Rome : de notre correspondant Richard Heuzé
«Ciao, Pirata. Ciao Campionissimo.» Pour son dernier voyage, Cesenatico a voulu rendre un hommage solennel à l'enfant du pays. Dès le milieu de la matinée, une foule immense se pressait devant la petite église de Saint-Jacques-l'Apôtre, où se sont déroulées hier les funérailles du champion cycliste Marco Pantani, décédé dans une chambre d'hôtel dans des circonstances non encore élucidées (1). La famille a eu du mal à se frayer un chemin jusqu'au portail d'entrée, deux cousins ont failli rester dehors.
Dans la nef, le cercueil était entièrement recouvert de gerbes de fleurs blanches et jaunes. L'une d'elles était envoyée par Emanuele Filiberto, prince héritier de la maison de Savoie. Sur la bière, les quatre maillots fétiches du coureur : celui, jaune, du Tour de France 1998 et, à côté, celui de l'équipe nationale d'Italie de cyclisme, tout bleu. En face, le maillot rose du Giro 1998 et un autre, blanc à rayures bleues, de la G. S. Fausto Coppi de Cesenatico, l'écurie dans laquelle Marco Pantani fit ses débuts. Derrière l'autel où il fut baptisé il y a trente-quatre ans, une immense composition florale de roses jaunes et d'oeillets bleus reproduisait les traits du champion.

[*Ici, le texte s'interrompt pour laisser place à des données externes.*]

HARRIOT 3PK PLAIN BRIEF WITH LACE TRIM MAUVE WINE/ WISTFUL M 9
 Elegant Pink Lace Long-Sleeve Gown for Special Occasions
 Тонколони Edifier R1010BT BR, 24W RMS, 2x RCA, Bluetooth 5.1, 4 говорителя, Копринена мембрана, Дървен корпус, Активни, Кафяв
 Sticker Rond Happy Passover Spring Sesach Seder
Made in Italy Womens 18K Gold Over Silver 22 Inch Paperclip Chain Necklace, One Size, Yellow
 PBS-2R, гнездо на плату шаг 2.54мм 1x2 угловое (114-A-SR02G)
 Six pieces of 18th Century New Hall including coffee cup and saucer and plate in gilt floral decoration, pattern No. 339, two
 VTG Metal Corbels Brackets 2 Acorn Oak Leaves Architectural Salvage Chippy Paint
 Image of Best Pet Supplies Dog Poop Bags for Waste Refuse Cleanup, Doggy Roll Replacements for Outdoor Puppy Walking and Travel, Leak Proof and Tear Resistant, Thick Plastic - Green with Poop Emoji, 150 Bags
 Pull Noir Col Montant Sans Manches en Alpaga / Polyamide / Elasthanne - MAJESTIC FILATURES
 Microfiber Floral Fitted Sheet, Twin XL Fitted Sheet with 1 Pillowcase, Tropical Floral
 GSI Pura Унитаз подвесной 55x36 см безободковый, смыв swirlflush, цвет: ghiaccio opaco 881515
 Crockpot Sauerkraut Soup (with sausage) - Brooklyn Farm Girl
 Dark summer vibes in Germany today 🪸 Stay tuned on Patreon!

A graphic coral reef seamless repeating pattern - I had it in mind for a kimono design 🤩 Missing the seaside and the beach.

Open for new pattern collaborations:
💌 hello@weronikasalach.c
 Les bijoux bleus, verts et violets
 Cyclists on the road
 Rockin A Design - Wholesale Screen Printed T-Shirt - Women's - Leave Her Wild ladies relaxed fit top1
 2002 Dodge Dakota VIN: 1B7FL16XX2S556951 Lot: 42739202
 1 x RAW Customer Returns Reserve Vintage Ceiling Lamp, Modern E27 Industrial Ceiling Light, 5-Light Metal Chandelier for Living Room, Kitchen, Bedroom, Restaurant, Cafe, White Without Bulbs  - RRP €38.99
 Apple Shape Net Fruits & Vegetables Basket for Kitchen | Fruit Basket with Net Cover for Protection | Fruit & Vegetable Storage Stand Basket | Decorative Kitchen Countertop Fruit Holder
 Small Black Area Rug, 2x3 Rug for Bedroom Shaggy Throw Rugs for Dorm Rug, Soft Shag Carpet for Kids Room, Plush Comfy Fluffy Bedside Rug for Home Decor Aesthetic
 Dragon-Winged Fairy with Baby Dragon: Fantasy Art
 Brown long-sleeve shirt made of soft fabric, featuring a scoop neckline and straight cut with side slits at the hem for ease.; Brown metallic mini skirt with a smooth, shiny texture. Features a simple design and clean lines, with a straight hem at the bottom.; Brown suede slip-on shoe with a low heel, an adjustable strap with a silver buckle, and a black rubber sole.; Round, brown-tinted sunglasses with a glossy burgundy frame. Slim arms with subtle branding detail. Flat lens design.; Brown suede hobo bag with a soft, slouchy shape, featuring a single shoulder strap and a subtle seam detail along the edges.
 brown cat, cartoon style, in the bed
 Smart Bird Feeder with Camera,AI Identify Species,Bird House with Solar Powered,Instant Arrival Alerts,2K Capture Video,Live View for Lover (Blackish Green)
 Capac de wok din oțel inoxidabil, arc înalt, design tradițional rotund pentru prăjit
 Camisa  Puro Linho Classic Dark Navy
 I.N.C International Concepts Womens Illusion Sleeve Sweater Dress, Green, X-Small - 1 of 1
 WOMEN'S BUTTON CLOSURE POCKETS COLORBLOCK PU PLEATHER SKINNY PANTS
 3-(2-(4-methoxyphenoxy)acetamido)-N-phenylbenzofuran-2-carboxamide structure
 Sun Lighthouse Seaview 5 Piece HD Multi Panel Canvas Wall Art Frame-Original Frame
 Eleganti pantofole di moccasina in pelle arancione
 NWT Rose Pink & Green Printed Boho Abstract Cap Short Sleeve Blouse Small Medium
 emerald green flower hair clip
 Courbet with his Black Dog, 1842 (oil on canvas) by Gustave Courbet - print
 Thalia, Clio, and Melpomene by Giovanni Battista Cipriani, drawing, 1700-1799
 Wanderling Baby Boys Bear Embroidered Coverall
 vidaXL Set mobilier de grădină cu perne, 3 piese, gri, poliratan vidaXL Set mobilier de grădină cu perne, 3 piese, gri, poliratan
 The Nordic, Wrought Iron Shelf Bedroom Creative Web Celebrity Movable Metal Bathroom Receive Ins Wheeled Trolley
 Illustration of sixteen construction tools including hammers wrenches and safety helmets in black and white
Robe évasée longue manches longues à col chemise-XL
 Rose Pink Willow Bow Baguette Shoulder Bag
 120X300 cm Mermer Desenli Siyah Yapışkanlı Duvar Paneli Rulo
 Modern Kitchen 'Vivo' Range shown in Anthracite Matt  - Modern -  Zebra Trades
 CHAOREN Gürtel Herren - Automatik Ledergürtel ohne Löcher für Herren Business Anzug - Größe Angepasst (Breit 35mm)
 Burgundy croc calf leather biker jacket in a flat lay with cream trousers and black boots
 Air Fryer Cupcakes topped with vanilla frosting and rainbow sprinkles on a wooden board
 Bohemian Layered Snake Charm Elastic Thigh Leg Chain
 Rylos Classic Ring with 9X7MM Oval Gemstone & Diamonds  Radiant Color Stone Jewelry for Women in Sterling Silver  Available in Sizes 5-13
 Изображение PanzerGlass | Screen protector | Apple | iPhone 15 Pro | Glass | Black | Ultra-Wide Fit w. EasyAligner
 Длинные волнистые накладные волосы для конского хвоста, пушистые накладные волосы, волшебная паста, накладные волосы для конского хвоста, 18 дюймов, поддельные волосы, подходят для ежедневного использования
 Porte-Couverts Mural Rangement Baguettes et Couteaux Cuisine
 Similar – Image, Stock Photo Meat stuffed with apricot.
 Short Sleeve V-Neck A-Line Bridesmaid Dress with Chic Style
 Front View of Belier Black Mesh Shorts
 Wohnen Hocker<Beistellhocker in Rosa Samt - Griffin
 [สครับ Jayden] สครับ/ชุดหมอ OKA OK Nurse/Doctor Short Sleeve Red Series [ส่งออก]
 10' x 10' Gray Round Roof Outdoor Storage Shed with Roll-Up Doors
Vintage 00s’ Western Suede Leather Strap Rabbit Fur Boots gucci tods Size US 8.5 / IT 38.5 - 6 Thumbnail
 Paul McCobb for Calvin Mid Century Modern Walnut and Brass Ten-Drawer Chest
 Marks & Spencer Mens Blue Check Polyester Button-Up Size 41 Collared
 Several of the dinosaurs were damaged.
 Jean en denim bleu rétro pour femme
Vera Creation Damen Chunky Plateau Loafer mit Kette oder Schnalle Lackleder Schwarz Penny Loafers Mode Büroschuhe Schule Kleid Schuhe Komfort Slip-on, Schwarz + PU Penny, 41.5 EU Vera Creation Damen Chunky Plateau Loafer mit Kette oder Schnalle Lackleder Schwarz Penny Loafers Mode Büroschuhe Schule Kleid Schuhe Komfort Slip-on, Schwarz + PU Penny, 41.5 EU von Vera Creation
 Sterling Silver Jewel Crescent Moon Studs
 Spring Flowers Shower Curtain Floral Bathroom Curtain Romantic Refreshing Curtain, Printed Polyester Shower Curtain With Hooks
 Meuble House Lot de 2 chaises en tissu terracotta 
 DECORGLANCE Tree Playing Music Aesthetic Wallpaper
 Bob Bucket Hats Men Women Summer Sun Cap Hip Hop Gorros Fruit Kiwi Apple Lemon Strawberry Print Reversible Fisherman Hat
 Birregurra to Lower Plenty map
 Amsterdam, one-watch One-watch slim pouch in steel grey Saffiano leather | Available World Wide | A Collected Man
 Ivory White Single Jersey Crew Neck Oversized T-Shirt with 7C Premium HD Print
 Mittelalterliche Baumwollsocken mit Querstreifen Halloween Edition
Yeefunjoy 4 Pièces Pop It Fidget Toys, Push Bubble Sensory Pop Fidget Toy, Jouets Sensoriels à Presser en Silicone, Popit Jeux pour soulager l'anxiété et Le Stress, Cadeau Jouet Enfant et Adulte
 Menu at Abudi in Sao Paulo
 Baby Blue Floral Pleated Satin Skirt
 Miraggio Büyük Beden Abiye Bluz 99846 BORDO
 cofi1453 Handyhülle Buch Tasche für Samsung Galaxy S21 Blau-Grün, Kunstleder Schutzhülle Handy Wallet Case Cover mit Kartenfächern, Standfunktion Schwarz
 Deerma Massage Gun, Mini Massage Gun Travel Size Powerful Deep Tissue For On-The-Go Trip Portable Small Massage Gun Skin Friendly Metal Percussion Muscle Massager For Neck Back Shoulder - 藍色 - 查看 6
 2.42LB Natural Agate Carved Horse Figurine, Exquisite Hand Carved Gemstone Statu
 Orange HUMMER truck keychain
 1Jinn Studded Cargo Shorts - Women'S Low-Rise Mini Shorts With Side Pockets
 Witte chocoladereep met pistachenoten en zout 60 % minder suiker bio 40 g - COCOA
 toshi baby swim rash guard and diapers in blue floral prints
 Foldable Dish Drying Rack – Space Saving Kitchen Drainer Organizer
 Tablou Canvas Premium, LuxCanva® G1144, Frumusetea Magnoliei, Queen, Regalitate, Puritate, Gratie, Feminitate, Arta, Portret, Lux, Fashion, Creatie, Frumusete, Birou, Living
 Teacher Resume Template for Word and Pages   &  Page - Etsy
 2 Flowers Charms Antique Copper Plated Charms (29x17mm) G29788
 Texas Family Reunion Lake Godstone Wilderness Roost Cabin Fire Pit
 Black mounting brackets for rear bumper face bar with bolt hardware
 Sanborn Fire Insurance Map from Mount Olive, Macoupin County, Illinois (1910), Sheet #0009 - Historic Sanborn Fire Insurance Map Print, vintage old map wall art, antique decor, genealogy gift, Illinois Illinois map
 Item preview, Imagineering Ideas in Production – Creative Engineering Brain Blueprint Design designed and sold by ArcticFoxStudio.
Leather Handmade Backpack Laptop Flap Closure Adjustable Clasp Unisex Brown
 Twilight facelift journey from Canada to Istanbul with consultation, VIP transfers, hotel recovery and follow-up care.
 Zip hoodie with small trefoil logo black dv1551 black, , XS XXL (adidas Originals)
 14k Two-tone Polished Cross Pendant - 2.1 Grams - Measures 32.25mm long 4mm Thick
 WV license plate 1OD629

Aux premiers rangs, derrière la famille, se serraient les fidèles, l'équipe Mercatone Uno au grand complet, Francesco Moser, Gianni Bugno, Davide Cassani, Charlie Gaul, le skieur Alberto Tomba, l'ancien entraîneur de l'équipe nationale de football Azeglio Vicini. Et encore Stefano Garzelli, vainqueur de l'avant-dernier Giro, et Fabrizio Borra, le masseur qui avait permis à Pantani de retourner au cyclisme après son terrible accident contre une voiture.
A la demande de la famille, le service d'ordre avait interdit l'entrée de l'église aux journalistes. La veille, Mamma Tonina, sa mère, un petit bout de femme au caractère vif-argent, s'était répandue en imprécations contre les photographes et les cameramans qui filmaient la chapelle ardente : «Partez ! Vous me l'avez tué avec vos bavardages. Vous n'avez aucun respect. Cela fait quatre ans que vous le torturiez. Vous l'avez vu dans son cercueil : vous êtes content maintenant !»
Dans une lettre de neuf pages écrite peu avant sa mort, lue pendant le service religieux, dans un silence entrecoupé de sanglots, par son ancien manager Manuela Ronchi, Marco Pantani raconte ses «quatre ans de calvaire devant les tribunaux». «J'ai perdu la volonté d'être comme tant d'autres sportifs. Le cyclisme a payé, mais de nombreux jeunes ont perdu espoir en la justice.» Dans son homélie, l'évêque du diocèse, Mgr Antonio Lanfranchi, a appelé le monde du sport à tirer les leçons du drame : «Marco nous invite tous à un sérieux examen de conscience sur ce qu'est le sport et sur ce qui tourne autour du sport.» Le prélat a également rendu un vibrant hommage aux qualités humaines du coureur : «L'homme est toujours plus grand que ses victoires et ses défaites.»
A la sortie, une foule massée sur plus d'un kilomètre jusqu'au cimetière communal a longuement applaudi le cercueil. Damiano Zoffoli, maire de Cesenatico, refuse de croire à la fin du mythe : «Pour nous, Marco court encore.»
(1) Le parquet de Rimini a ouvert «une information contre X pour trafic de stupéfiant», des traces de cocaïne ayant été relevées dans la chambre du coureur.